On Friday the court granted cert in one new case, Manhattan Community Access Corp. v. Halleck, which asks whether a private operator of a public-access TV channel is a “state actor” who can be sued for violations of the First Amendment. Amy Howe covers the grant for this blog, in a post that first appeared at Howe on the Court. In a podcast at Howe on the Court, Amy discusses “the week’s orders, oral arguments, and — perhaps most importantly — emergency appeals.” The most recent episode of First Mondays (podcast) recaps last week’s cases and “take[s] a look at the so-called ‘shadow docket’ to see what the justices are up to outside of the courtroom.”

Briefly:

  • For The New York Times, Adam Liptak writes that Theodore Frank, who will argue before the court later this month in Frank v. Gaos, a challenge to class-action settlement practices, is about to “join a small group of lawyers who have handled the Supreme Court arguments in their own cases.”
  • In an op-ed for The Wall Street Journal, Jeremy Dys explains why the Supreme Court should review a lower-court decision holding that a war memorial in the shape of a cross on public land in the Washington, D.C., suburbs violates the establishment clause of the First Amendment.

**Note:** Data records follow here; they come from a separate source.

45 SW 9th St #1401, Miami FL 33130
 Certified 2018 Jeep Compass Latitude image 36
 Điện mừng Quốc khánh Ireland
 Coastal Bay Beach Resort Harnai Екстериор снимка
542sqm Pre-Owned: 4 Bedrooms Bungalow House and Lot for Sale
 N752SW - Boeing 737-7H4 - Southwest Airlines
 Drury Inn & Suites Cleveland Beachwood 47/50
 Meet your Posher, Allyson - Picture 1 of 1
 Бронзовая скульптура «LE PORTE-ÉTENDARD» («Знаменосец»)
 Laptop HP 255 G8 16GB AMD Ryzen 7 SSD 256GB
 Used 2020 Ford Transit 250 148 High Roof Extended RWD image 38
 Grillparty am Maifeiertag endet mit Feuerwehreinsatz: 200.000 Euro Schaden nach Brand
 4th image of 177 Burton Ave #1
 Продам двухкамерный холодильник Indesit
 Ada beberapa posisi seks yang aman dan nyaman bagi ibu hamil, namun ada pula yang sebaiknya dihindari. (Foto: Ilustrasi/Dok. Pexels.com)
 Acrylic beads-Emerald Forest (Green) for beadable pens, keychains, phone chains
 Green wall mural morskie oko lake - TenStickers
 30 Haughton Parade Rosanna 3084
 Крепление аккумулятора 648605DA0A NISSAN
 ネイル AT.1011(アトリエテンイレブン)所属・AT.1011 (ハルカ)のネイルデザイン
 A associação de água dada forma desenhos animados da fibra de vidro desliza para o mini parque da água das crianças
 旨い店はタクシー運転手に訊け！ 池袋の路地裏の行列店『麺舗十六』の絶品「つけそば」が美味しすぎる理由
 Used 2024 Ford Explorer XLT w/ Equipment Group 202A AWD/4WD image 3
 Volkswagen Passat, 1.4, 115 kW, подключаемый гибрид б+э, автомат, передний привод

  • At The Takeaway (podcast), host Amy Walter talks to Amy Howe about whether President Donald Trump has kept his campaign promise to appoint Supreme Court justices who would expand Second Amendment protections and repeal Roe v. Wade.
  • At the ImmigrationProf Blog, Kevin Johnson looks at last week’s oral argument in Nielsen v. Preap, which involves the immigration law’s mandatory detention provision, concluding that “the justices were troubled by what they viewed as the extreme positions posed by the opposing sides” and that perhaps “a majority could be cobbled around Justice Breyer’s suggestion that the U.S. government be permitted to subject a noncitizen to mandatory detention if taken into custody within a reasonable time of release from state custody.”
  • For The Washington Post, Deborah Pearlstein reviews “The Most Dangerous Branch,” David Kaplan’s new book about the Supreme Court, in which Kaplan argues that the court “lost its legitimacy as an apolitical arbiter of the nation’s most important constitutional disputes long ago.”
  • At Ikuta Matata, Sean Smith notes that in resolving a case brought by a baker who refused on religious grounds to bake a cake for a same-sex wedding, the United Kingdom Supreme Court last week cited the U.S. Supreme Court’s recent decision in Masterpiece Cakeshop v. Colorado Civil Rights Commission and similarly “handed victory to the objecting baker, although the British judges arguably provided a much less opaque answer to the underlying legal questions than Anthony Kennedy did in his more cautious majority opinion.”
  • At Good Judgment, Ryan Adler invites court-watchers to forecast the result in Gamble v. United States, which asks whether the Supreme Court should overrule an exception to the double jeopardy clause that allows a defendant to be prosecuted for the same crime in both federal and state court.
  • At Jost on Justice, Kenneth Jost argues that the justices’ repeated rescheduling of the cert petition in Wood v. Oklahoma, which uses statistical evidence to challenge racial disparities in the administration of the death penalty in that state, “implicates the justices as well in the racial bias all too evident in the United States’ flawed death penalty machinery.”